[Items from a dataset]
###
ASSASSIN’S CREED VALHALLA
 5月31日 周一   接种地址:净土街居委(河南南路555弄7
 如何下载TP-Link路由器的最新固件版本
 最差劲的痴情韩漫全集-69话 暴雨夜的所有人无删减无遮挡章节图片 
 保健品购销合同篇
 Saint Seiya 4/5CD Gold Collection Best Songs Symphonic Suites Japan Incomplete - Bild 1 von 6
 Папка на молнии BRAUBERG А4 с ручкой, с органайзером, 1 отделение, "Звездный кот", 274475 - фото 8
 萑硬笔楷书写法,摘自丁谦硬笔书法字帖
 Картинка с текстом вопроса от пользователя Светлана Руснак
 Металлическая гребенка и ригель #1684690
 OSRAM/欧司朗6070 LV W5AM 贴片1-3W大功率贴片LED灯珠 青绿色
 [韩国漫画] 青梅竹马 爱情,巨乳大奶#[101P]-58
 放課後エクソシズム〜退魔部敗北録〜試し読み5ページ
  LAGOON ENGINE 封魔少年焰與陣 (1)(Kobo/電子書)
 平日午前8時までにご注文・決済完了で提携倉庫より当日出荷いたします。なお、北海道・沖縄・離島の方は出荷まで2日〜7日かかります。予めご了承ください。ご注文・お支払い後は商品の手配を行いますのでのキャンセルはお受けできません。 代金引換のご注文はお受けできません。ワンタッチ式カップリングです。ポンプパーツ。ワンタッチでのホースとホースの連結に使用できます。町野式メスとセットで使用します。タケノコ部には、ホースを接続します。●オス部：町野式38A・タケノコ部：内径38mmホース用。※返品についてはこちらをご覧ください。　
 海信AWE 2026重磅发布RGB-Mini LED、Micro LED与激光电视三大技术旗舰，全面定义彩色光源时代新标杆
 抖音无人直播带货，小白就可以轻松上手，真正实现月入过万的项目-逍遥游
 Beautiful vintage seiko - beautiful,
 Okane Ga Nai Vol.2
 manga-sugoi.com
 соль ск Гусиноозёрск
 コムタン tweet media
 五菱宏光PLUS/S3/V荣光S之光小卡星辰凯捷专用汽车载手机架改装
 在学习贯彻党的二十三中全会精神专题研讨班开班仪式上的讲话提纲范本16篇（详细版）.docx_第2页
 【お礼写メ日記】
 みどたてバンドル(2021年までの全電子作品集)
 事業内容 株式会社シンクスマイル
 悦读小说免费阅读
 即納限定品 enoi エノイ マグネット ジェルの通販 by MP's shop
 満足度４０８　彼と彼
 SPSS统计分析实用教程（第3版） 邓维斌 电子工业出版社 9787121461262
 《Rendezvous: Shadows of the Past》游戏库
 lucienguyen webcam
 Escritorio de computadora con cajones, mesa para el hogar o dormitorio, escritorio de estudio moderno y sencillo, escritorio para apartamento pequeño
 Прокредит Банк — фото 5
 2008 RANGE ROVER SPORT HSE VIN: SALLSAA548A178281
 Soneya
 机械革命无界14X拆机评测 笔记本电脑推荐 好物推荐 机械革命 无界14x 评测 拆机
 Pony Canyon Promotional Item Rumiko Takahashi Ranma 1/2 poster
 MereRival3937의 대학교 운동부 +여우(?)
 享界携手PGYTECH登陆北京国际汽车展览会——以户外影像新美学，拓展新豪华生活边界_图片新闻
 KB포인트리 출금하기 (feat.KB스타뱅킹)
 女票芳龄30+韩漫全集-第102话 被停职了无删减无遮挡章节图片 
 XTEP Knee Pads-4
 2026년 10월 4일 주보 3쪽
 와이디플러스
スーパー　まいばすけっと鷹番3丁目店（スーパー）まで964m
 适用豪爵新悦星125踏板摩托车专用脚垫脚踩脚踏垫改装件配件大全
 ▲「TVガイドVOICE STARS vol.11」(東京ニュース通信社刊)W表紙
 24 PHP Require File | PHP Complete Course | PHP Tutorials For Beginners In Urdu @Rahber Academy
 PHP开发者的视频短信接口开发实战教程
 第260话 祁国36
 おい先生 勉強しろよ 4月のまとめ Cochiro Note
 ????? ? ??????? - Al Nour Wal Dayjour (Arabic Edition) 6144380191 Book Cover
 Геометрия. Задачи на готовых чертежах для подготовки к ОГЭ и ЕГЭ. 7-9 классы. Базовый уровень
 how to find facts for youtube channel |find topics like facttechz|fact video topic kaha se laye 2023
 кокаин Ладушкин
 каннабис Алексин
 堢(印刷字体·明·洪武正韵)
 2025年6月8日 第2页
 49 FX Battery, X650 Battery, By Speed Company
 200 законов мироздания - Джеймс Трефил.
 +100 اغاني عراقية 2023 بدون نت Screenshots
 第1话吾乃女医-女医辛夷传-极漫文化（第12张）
###
Using the entries above, output exactly the lines between the line holding "萑硬笔楷书写法,摘自丁谦硬笔书法字帖" and the line holding "соль ск Гусиноозёрск", end lines included, and nothing more.

 萑硬笔楷书写法,摘自丁谦硬笔书法字帖
 Картинка с текстом вопроса от пользователя Светлана Руснак
 Металлическая гребенка и ригель #1684690
 OSRAM/欧司朗6070 LV W5AM 贴片1-3W大功率贴片LED灯珠 青绿色
 [韩国漫画] 青梅竹马 爱情,巨乳大奶#[101P]-58
 放課後エクソシズム〜退魔部敗北録〜試し読み5ページ
  LAGOON ENGINE 封魔少年焰與陣 (1)(Kobo/電子書)
 平日午前8時までにご注文・決済完了で提携倉庫より当日出荷いたします。なお、北海道・沖縄・離島の方は出荷まで2日〜7日かかります。予めご了承ください。ご注文・お支払い後は商品の手配を行いますのでのキャンセルはお受けできません。 代金引換のご注文はお受けできません。ワンタッチ式カップリングです。ポンプパーツ。ワンタッチでのホースとホースの連結に使用できます。町野式メスとセットで使用します。タケノコ部には、ホースを接続します。●オス部：町野式38A・タケノコ部：内径38mmホース用。※返品についてはこちらをご覧ください。　
 海信AWE 2026重磅发布RGB-Mini LED、Micro LED与激光电视三大技术旗舰，全面定义彩色光源时代新标杆
 抖音无人直播带货，小白就可以轻松上手，真正实现月入过万的项目-逍遥游
 Beautiful vintage seiko - beautiful,
 Okane Ga Nai Vol.2
 manga-sugoi.com
 соль ск Гусиноозёрск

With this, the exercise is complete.